Comment continuer à programmer des opérations de destruction, des tirs et le piégeage des adultes en pleine période de reproduction tout en prévoyant que les petits agoniseront dans les nids faute de parents pour les nourrir ? Dilemme : pour tuer des êtres sensibles et pensants, ne faut-il pas soi-même cesser de penser et de s’émouvoir ?
Différemment selon les espèces et au cours de leur cycle de vie, les corvidés sont dans l’ensemble une source d’émerveillement pour qui les observe agir et interagir. On peut décider de les ignorer. Ou décider de les voir et, dans ce cas, forcément, l’envie de les protéger et de les aider vient.
« Crow Life »
Autant de considérations qui sont au fondement de la création et de l’action de Crow Life. Du point de vue de l’association, chacun l’aura compris, la vie de n’importe quel corvidé vaut d’être respectée et toutes les espèces valent que l’on se mobilisent pour elles.

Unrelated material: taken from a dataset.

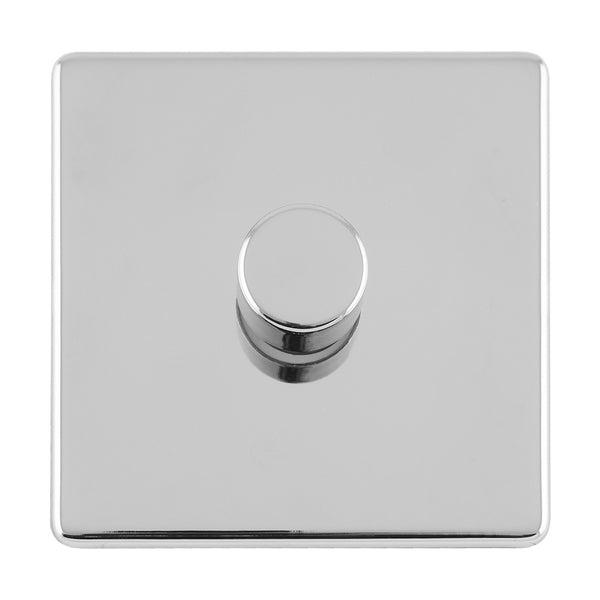Eurolite Concealed 3mm 1 Gang Led Push On Off 2Way Dimmer - Polished Chrome - ECPC1DLED - Choice Handles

Dans cette double perspective, Crow-Life s’est entourée d’un réseau de chercheurs issus de différentes disciplines et appuie son action tant sur un réseau d’influence que sur une équipe opérationnelle accueillant des bénévoles.
Si un changement de regard sur les corvidés se produisait dans notre société, ce serait probablement parce que par-delà les différences nous aurions enfin pris conscience de ce qui en eux est si semblable à nous. La vie et le statut des espèces persécutées, orphelines de considération, s’en trouveraient alors peut-être améliorés.